In my answer, I will ignore the last result you had: Adam, Bob: 1, 2, 3 , because it is a logical exception. Go to the end to see my conclusion.

Explanation:

The idea would be to iterate over the combinations "which group will belong to the element".

Say that you have elements "a, b, c", and you have groups "1, 2", let's have an array of size 3, as the number of elements that will contain all possible combinations of groups "1, 2", with repetition:

 {1, 1, 1} {1, 1, 2} {1, 2, 1} {1, 2, 2} {2, 1, 1} {2, 1, 2} {2, 2, 1} {2, 2, 2} 

Now we take each group and make it a key-value, with the following logic:

The group elements[i] will be the value of comb[i] .

 Example with {1, 2, 1}: a: group 1 b: group 2 c: group 1 And in a different view, the way you wanted it: group 1: a, c group 2: b 

After all this, you just need to filter out all the combinations that do not contain all the groups, because you wanted all the groups to have at least one value.
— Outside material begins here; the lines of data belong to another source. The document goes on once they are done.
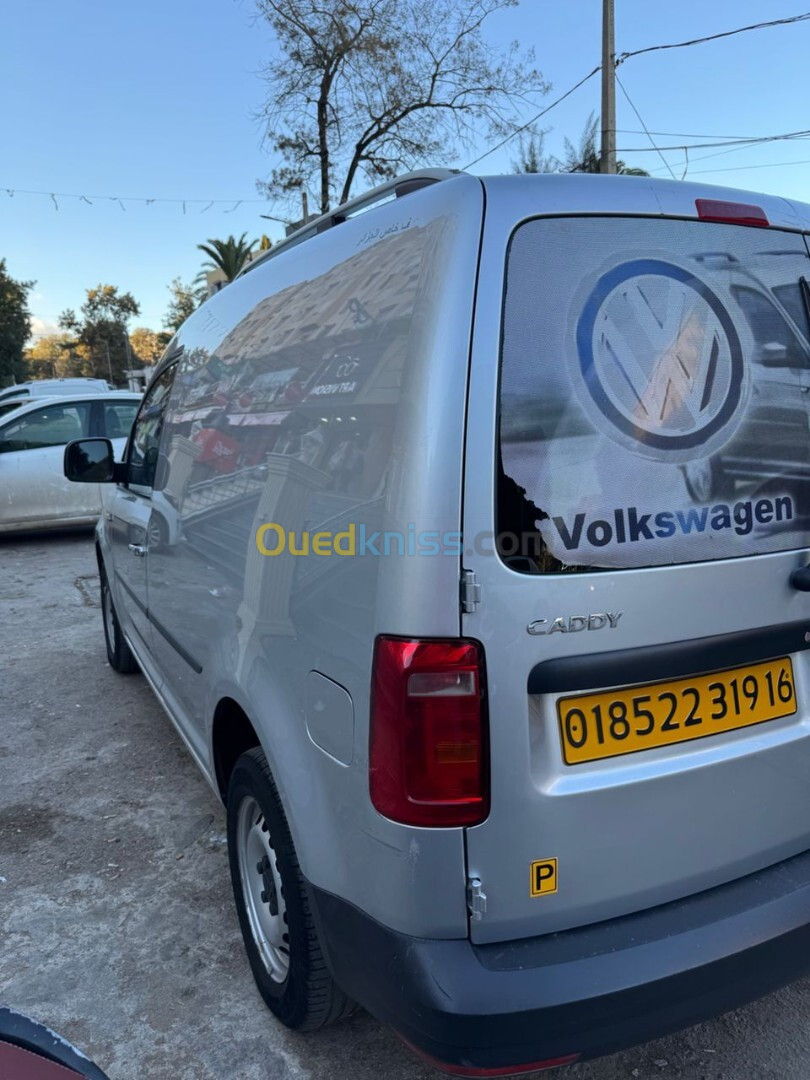 Volkswagen Caddy 2019 Combi 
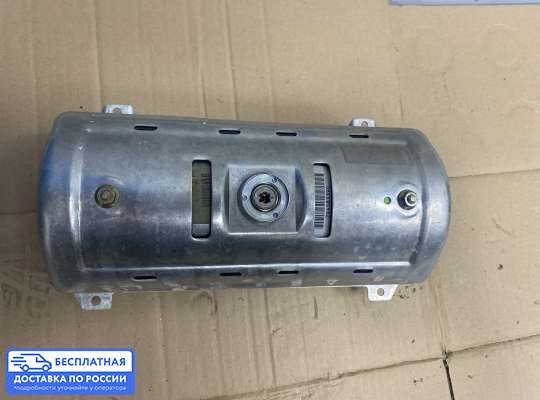 Подушка безопасности пассажира (AirBag) на Opel Omega B
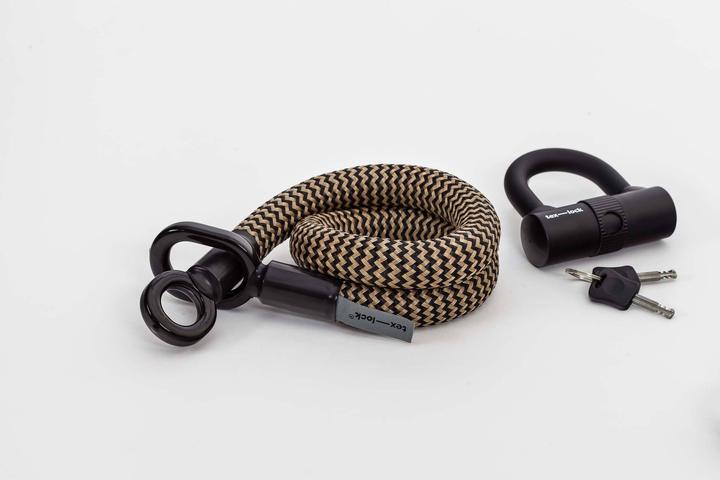 Actual product image Tex-Lock Eyelet (120 cm)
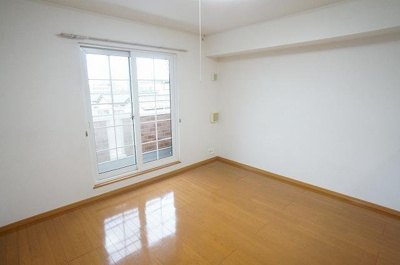 【居間・リビング】 | ブルーベリーヒル | 使いやすい居間です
So, you should check if all groups are displayed in a certain combination and filter those that do not match, so you will be left with:

 {1, 1, 2} {1, 2, 1} {1, 2, 2} {2, 1, 2} {2, 2, 1} {2, 1, 1} 

This will lead to:

 1: a, b 2: c 1: a, c 2: b 1: a 2: b, c 1: b 2: a, c 1: c 2: a, b 1: b, c 2: a 

This group combination logic will work for more elements and groups. Here is my implementation, which could probably be done better, because even I got a little lost there while I encoded it (this is really not an intuitive problem), but it works well.

Implementation:

 public static IEnumerable<ILookup<TValue, TKey>> Group<TKey, TValue> (List<TValue> keys, List<TKey> values, bool allowEmptyGroups = false) { var indices = new int[values.Count]; var maxIndex = values.Count - 1; var nextIndex = maxIndex; indices[maxIndex] = -1; while (nextIndex >= 0) { indices[nextIndex]++; if (indices[nextIndex] == keys.Count) { indices[nextIndex] = 0; nextIndex--; continue; } nextIndex = maxIndex; if (!allowEmptyGroups && indices.Distinct().Count() != keys.Count) { continue; } yield return indices.Select((keyIndex, valueIndex) => new { Key = keys[keyIndex], Value = values[valueIndex] }) .OrderBy(x => x.Key) .ToLookup(x => x.Key, x => x.Value); } } 

Application:

 var employees = new List<string>() { "Adam", "Bob"}; var jobs = new List<string>() { "1", "2", "3"}; var c = 0; foreach (var group in CombinationsEx.Group(employees, jobs)) { foreach (var sub in group) { Console.WriteLine(sub.Key + ": " + string.Join(", ", sub)); } c++; Console.WriteLine(); } Console.WriteLine(c + " combinations."); 

Conclusion:

 Adam: 1, 2 Bob: 3 Adam: 1, 3 Bob: 2 Adam: 1 Bob: 2, 3 Adam: 2, 3 Bob: 1 Adam: 2 Bob: 1, 3 Adam: 3 Bob: 1, 2 6 combinations. 

UPDATE

Prototype Protocol of Combined Keys:

 public static IEnumerable<ILookup<TKey[], TValue>> GroupCombined<TKey, TValue> (List<TKey> keys, List<TValue> values) { // foreach (int i in Enumerable.Range(1, keys.Count)) for (var i = 1; i <= keys.Count; i++) { foreach (var lookup in Group(Enumerable.Range(0, i).ToList(), keys)) { foreach (var lookup1 in Group(lookup.Select(keysComb => keysComb.ToArray()).ToList(), values)) { yield return lookup1; } } } /* Same functionality: return from i in Enumerable.Range(1, keys.Count) from lookup in Group(Enumerable.Range(0, i).ToList(), keys) from lookup1 in Group(lookup.Select(keysComb => keysComb.ToArray()).ToList(), values) select lookup1; */ } 

There is still a slight duplicate problem, but it gives all the results.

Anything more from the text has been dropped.